On Tuesday, AFL-CIO employees represented by the Office and Professional Employees International Union (OPEIU), unanimously voted to authorize a strike. The vote by union members, including about 50 janitors, secretaries and accountants for the AFL-CIO, empowers union leaders to set a date for a walkout. Beyond the significance of labor unrest at one of America’s most prominent labor groups, if the union members do strike, the Communications Workers of America’s Washington-Baltimore NewsGuild expects that most of its roughly 125 members at the AFL-CIO will also refuse to work, according to its executive director, Cet Parks.
“We are involved in negotiations with our administrative staff and, while we hope to avoid any work stoppages, we fully respect their rights through this process,” AFL-CIO spokesman Josh Goldstein said in an email late Monday. “However, we will not negotiate publicly and the critical work of the labor movement continues uninterrupted.” The federation didn’t immediately respond to an inquiry Tuesday as to the results of the strike vote.

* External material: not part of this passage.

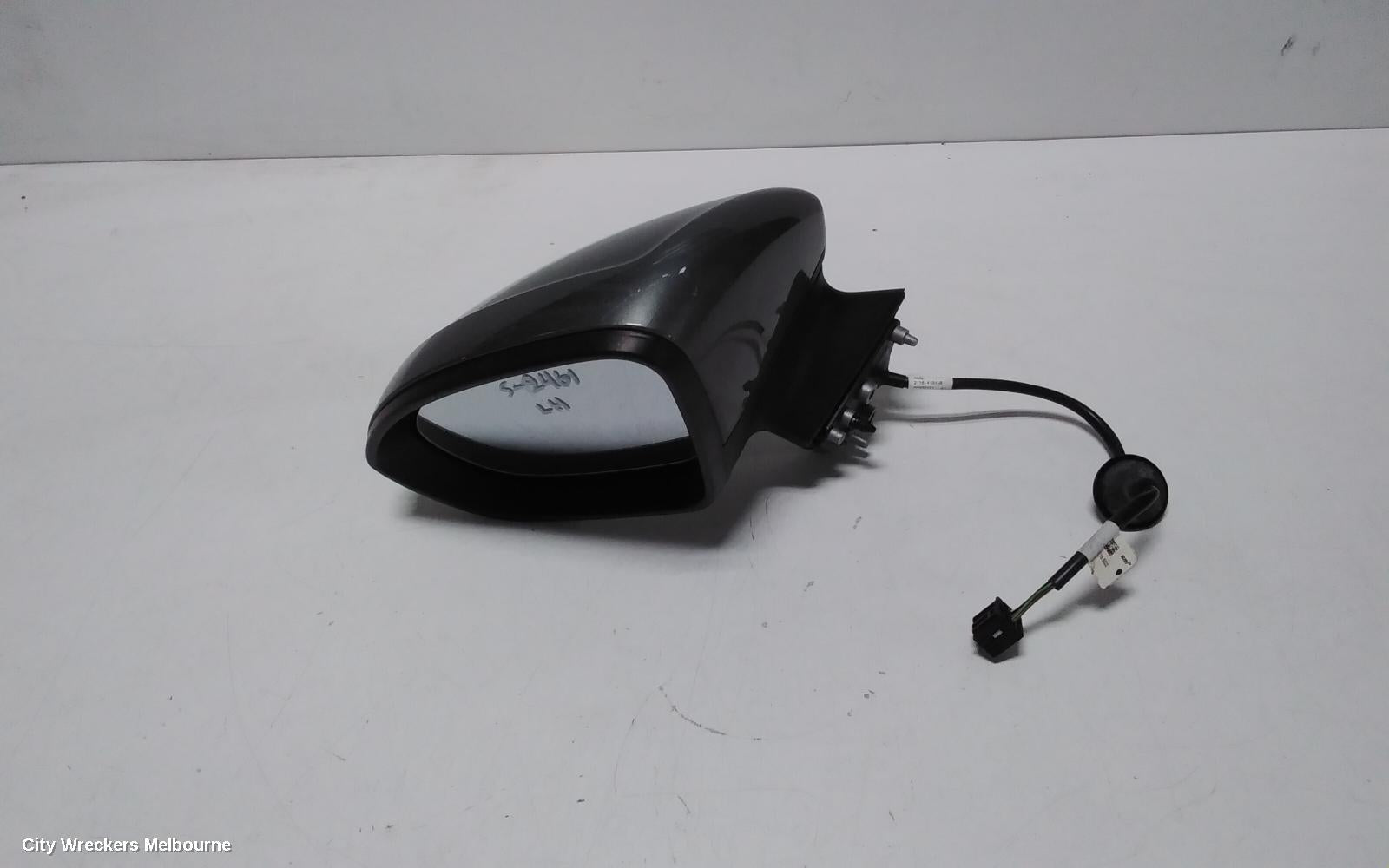 HOLDEN ASTRA LEFT DOOR MIRROR, BK, 5DR HATCH, MANUAL FOLDING TYPE, 09/2016 ONWARDS - Image 3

OPEIU said the vote followed AFL-CIO management’s decision to impose a new contract that employees had unanimously rejected. Its terms included reduced sick leave, no wage increases and weakened layoff protections. “If a company tried to force a contract like this, we believe that the AFL-CIO would deplore the company as anti-union,” the union said in a recent statement on its website. “If we agree to this contract, we are signaling to every other union out there that they should accept those terms from their employers.”
The AFL-CIO, a federation of 55 unions with a combined membership of 12.5 million, has been struggling to sustain organized labor’s clout after decades of declining membership and amid a wave of recent attacks. Last year, the AFL-CIO dismissed several dozen staff members, a move President Richard Trumka said was part of a restructuring plan to allow the group to focus on core priorities. In June, the U.S. Supreme Court issued a 5-4 ruling banning mandatory public sector union fees, a potential financial blow that Trumka said the organization was prepared to address.
The consensus among labor leaders, Trumka said in 2017, was that “unless we really change and focus on our priorities, we’re not going to be able to ultimately drill our way back.”
OPEIU declined to comment on how soon it could call a strike, but it has said it’s planning to mount lunchtime marches outside the AFL-CIO’s Washington headquarters on Wednesday, Thursday and Friday.